The Community Innovation Surveys (CIS) are a series of surveys executed by national statistical offices throughout the European Union and in Norway and Iceland. The harmonized surveys are designed to give information on the innovativeness of different sectors and regions. Data from these surveys is used for the annual European Innovation Scoreboard and for academic research on innovation, with over 200 papers using the CIS data published.

==Surveys==
In the 1980s, a series of individual surveys on innovation was carried out. Thereupon, the member states of the European Union decided to coordinate their efforts, and they laid down a common methodological approach to innovation research in the Oslo Manual.

This CIS surveys have been carried out:
- CIS1, 1992
- CIS2, 1996
- CIS3, 2001
- CIS4, for the reference period 2002-2004
- CIS 2006, for the reference period 2004-2006
- CIS 2008
- CIS 2010
- CIS 2012

CIS1 experienced some difficulties, partly because no standards existed yet, and partly because of a rather limited time-frame. However, it already made a first attempt at homogenization, and at comparability with non-EU surveys. In that sense it was an important step towards CIS2, even though both surveys turned out to mark a rather large number of firms as 'innovative' due to their generous definitions. The more recent surveys paid more attention to service innovations, and future surveys will also include management techniques, organisational change, design and marketing issues.

==Methodology==
National statistical offices carry out the survey according to the EU-wide definitions of the Oslo Manual. They generally take a sample from all establishments, stratifying the sample by sector, establishment size and possibly region. For the size classes, a portion of all establishments below a certain size threshold is selected, but in most countries all large establishments receive a questionnaire. The survey is conducted at the enterprise level. Firms that organise their business activities into separate legally defined units can therefore be sampled several times.

The Community Innovation Surveys are the main data source for measuring innovation in Europe.
Aggregated data are disseminated on the Eurostat webpage under CIS data. The tables cover the basic information of the enterprise, product and process innovation, innovation activity and expenditure, effects of innovation, innovation co-operation, public finding of innovation, source of information for innovation patents, etc.

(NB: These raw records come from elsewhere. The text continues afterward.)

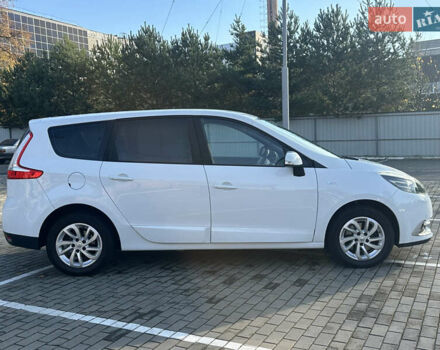 Білий Рено Гранд Сценік, об'ємом двигуна 1.5 л та пробігом 216 тис. км за 9990 $, фото 6 на Automoto.ua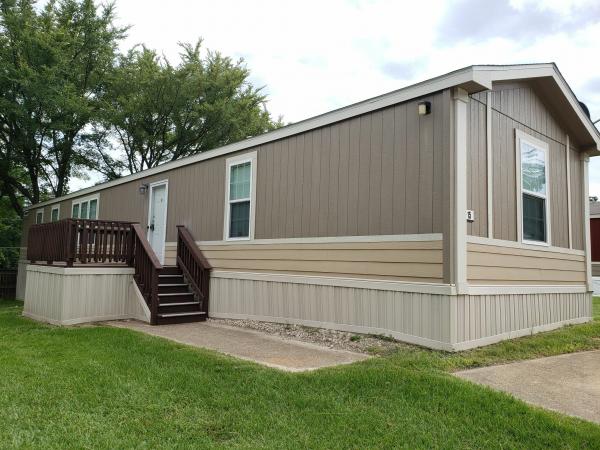 2017 OAKCREEK HOMES Mobile Home For Sale
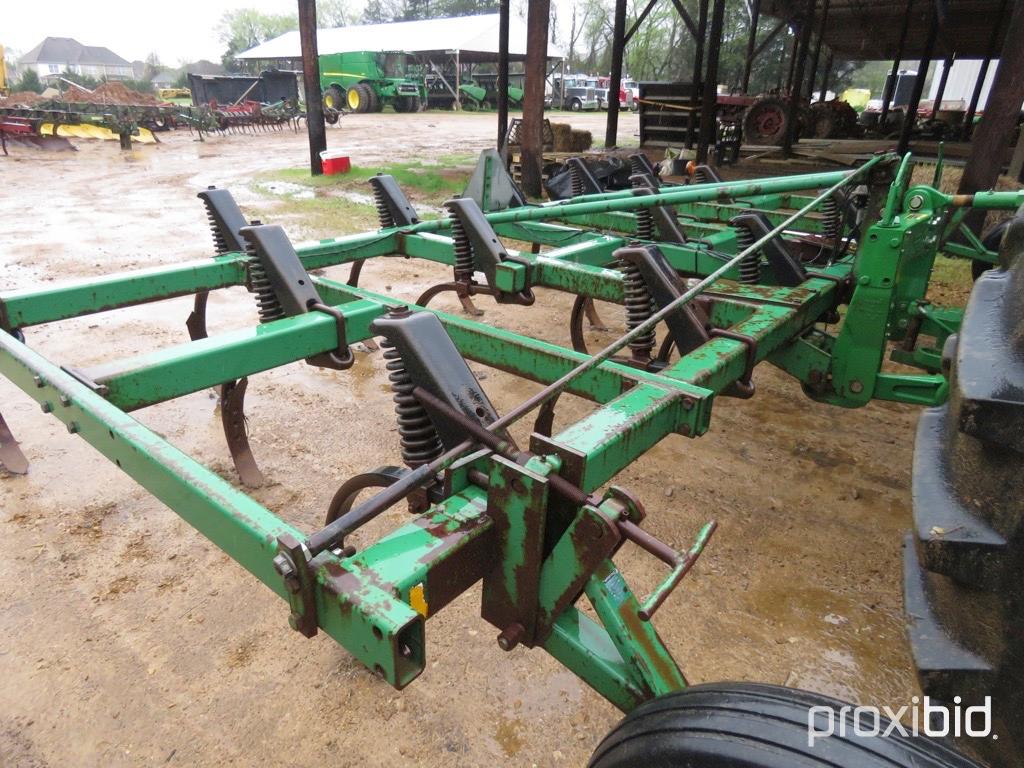 John Deere Chisel Plow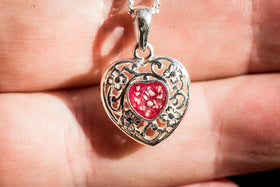 filigree heart pendant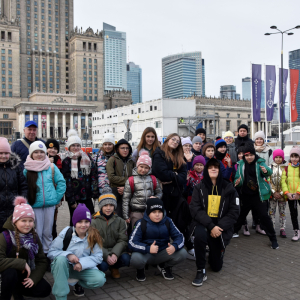 Uczestnicy wycieczki do Warszawy w pobliżu Pałacu Kultury i Nauki.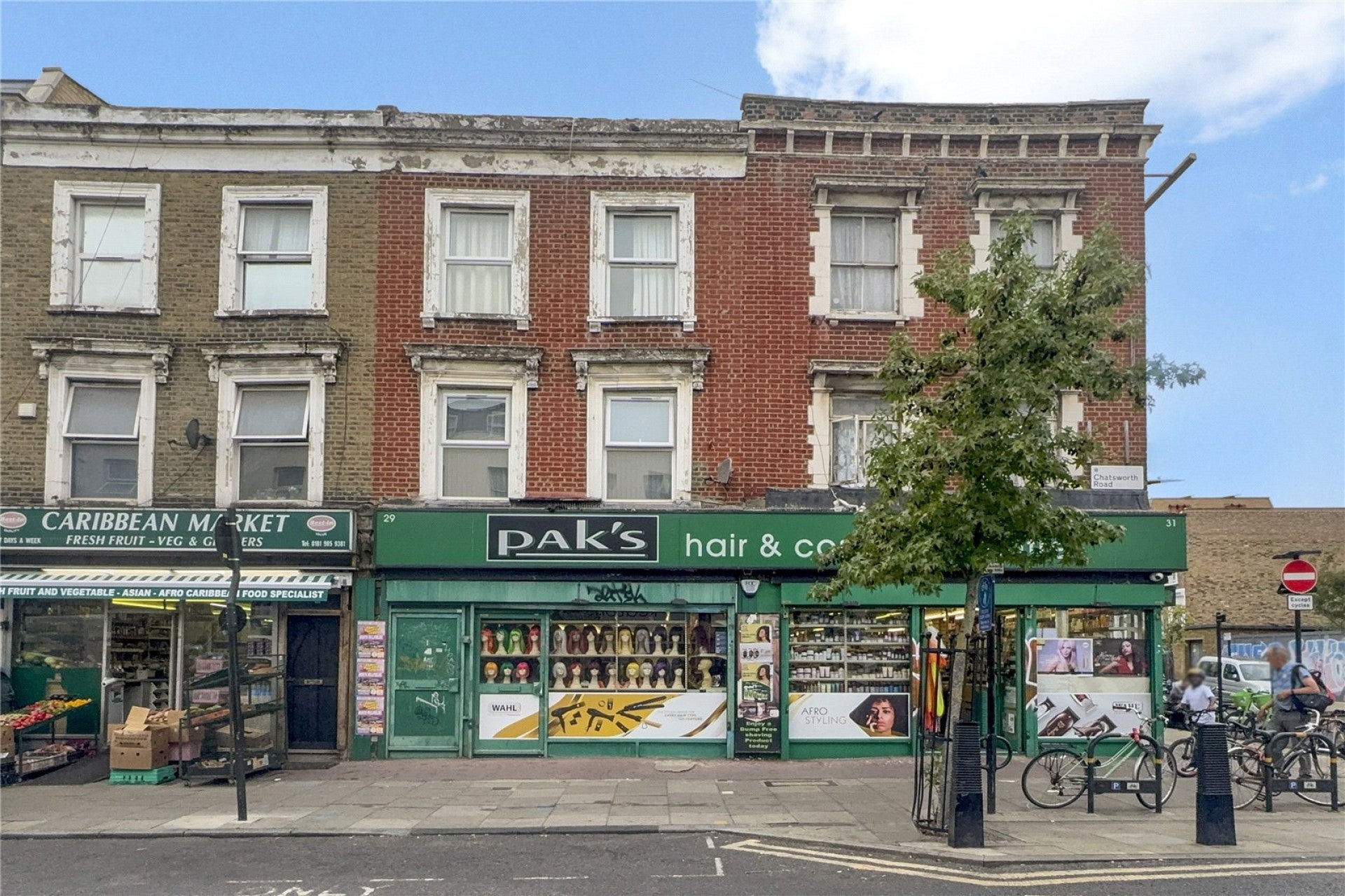 Flat Chatsworth Road in Greater London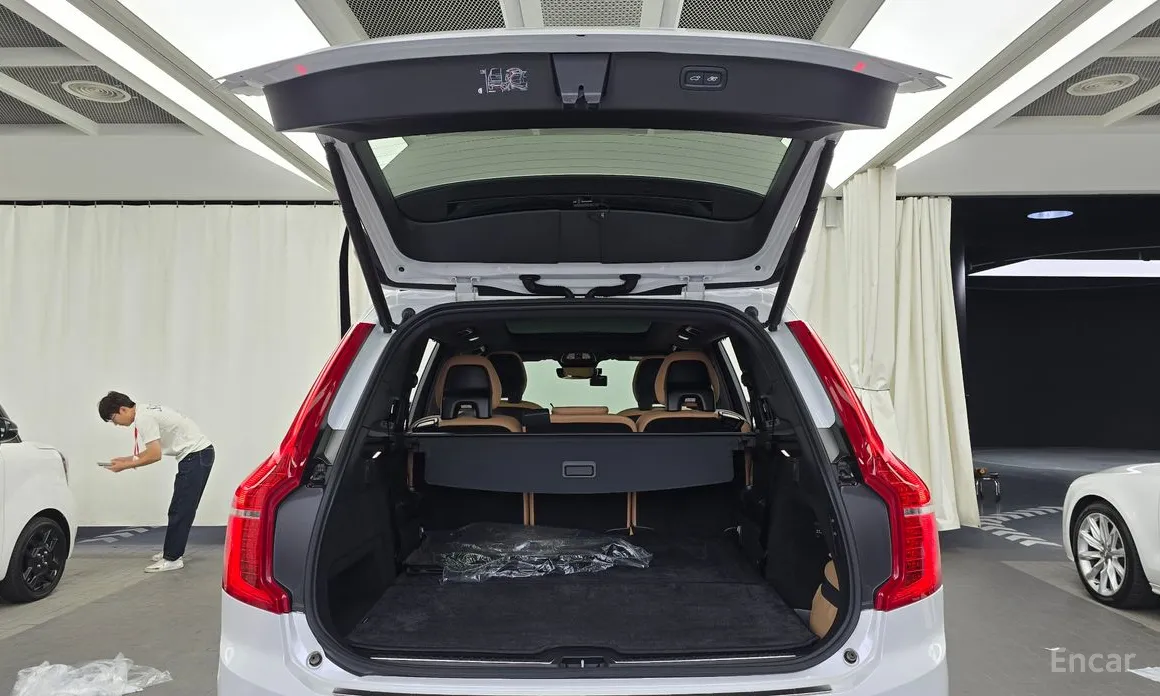 Фото 20 - Volvo XC90
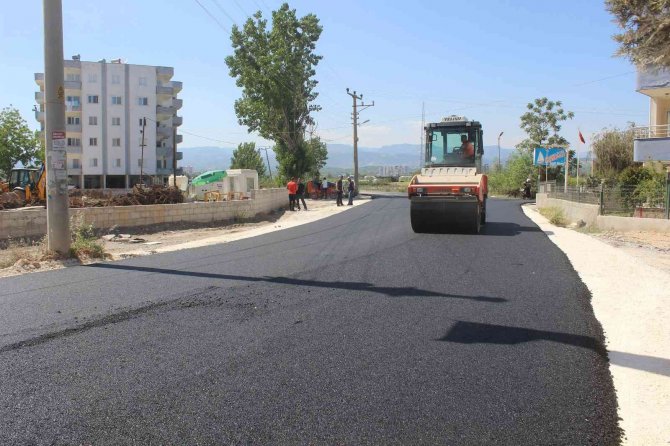 Büyükşehir Belediyesi, Çeşmeli Sahil Kesimindeki Yolları Yeniliyor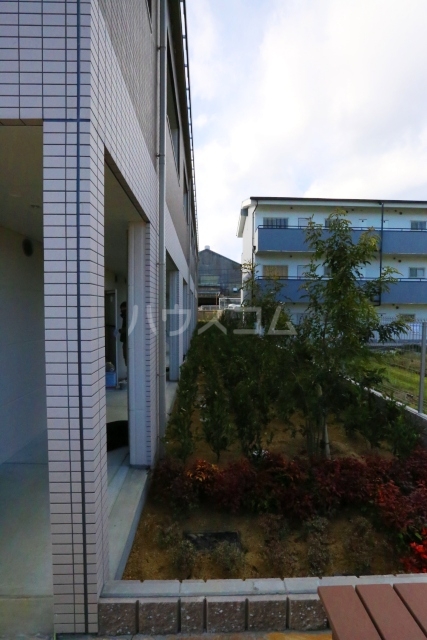 19/24 エントランス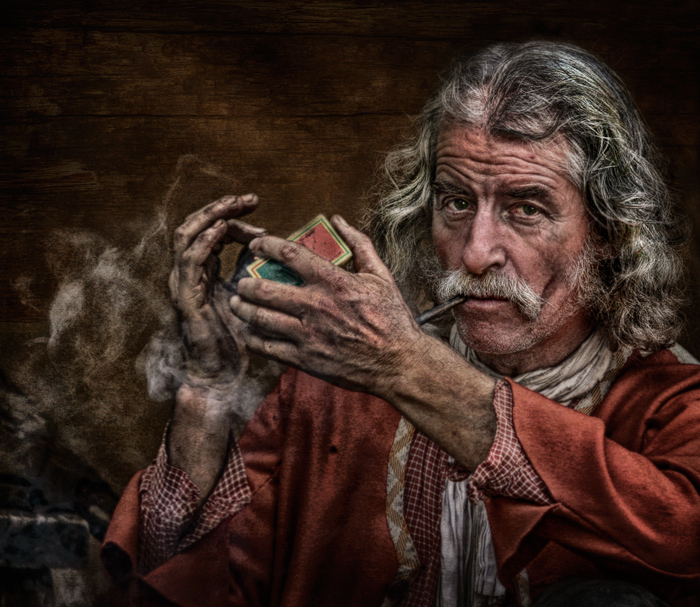 Фото жизнь (light) - Melonik - Portrait - A man puffing on a pipe.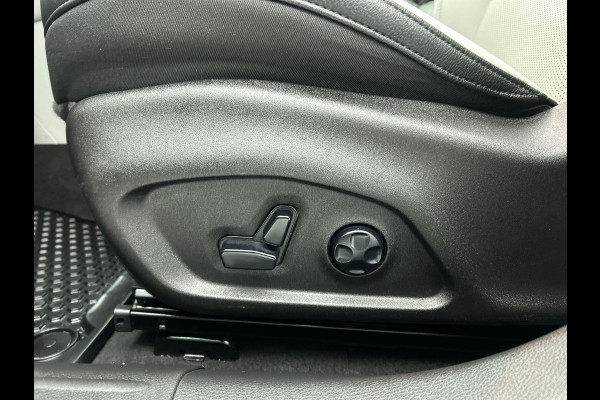 Jeep Compass 4xe 190 Plug-in Hybrid Electric Limited Business PANORAMADAK | LEER | TREKHAAK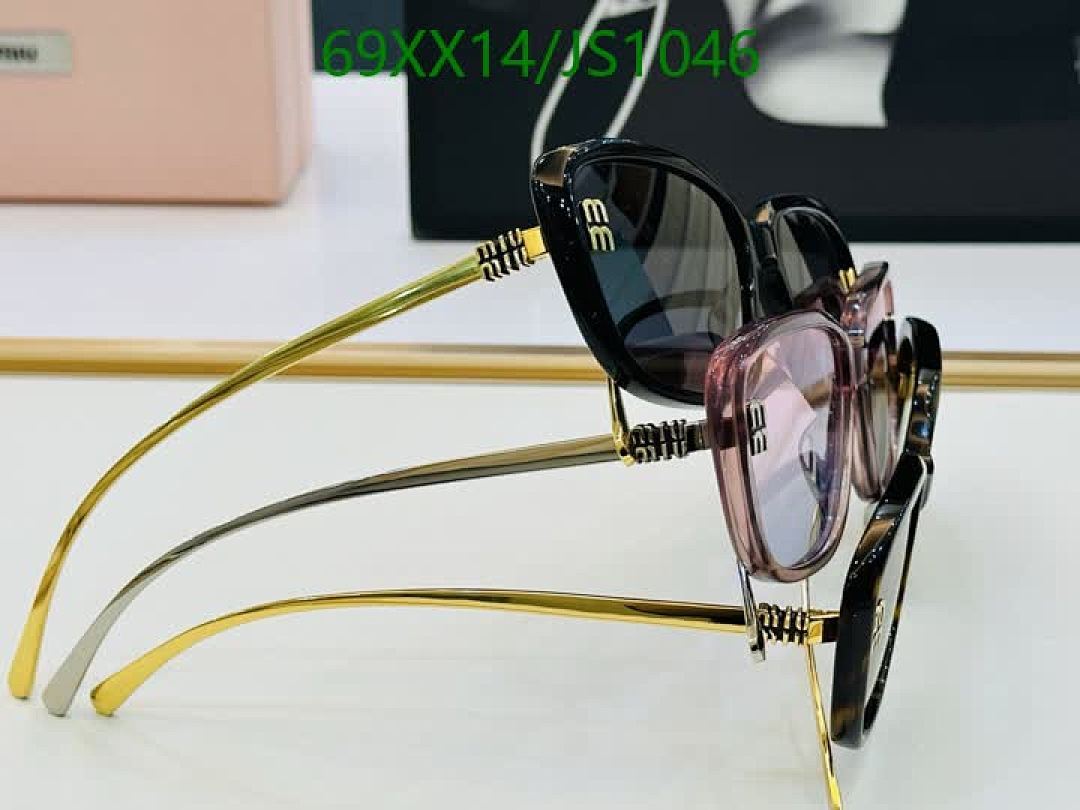 MiuMiu-Glasses Code: JS1046 $: 69USD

The resulting micro-datasets can be accessed by researchers via the SAFE Center at the premises of Eurostat in Luxembourg or the anonymised micro-data via CD-ROMs; some countries provides also access to their micro-data on similar safe centers. Eurostat also provides access to the EU-wide dataset for selected countries. Some non-EU countries perform very similar surveys according to the same methodology. These include Canada, Australia, New Zealand and South Africa.